Oil on panel, 37 x 30,5 cm
Galleria Nazionale d'Arte Antica, Rome

This little painting, designed to be used in private devotion, shows a foreshortening of the interior similar to that employed in Giulio's Madonna of the Cat (Naples, Museo Nazionale), a work that is directly connected to the composition of the Madonna of the Pearl (Museo del Prado). Though Vasari gave the latter picture to the hand of Raphael, it was instead probably carried out after the master's death by his pupil Giulio Romano. In both the Madonna of the Cat and in this small panel, the artist decided to set the scene with a domestic background instead of the more usual open landscape.

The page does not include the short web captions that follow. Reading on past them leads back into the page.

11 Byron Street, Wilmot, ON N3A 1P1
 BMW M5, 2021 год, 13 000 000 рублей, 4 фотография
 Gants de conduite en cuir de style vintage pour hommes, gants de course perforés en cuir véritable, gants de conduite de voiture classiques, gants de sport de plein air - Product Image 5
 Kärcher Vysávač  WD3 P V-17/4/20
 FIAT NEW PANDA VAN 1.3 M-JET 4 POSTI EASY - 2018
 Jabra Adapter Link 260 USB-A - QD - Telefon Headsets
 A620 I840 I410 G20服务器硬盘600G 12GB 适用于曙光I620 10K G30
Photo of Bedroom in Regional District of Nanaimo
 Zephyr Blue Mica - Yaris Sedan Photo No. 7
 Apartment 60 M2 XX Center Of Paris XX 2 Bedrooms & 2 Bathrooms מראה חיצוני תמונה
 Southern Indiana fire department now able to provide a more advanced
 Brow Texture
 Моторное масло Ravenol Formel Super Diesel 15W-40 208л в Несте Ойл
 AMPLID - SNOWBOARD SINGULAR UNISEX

This lends a tender family atmosphere that enhances the already intimate scale of this painting.

The idealized female figure, comparable to similar figures in numerous other works of Giulio Romano, is related to the ideal model of Raphael. Her specific features have been identified as those of Raphael's own lover, known to us from his paintings of the veiled Lady (Galleria Palatina, Palazzo Pitti, Florence) and the Fornarina (Palazzo Barberini).

This painting, which clearly belongs to Giulio Romano's Roman period, has been dated to 1522-23. A copy exists in the Brera Gallery in Milan.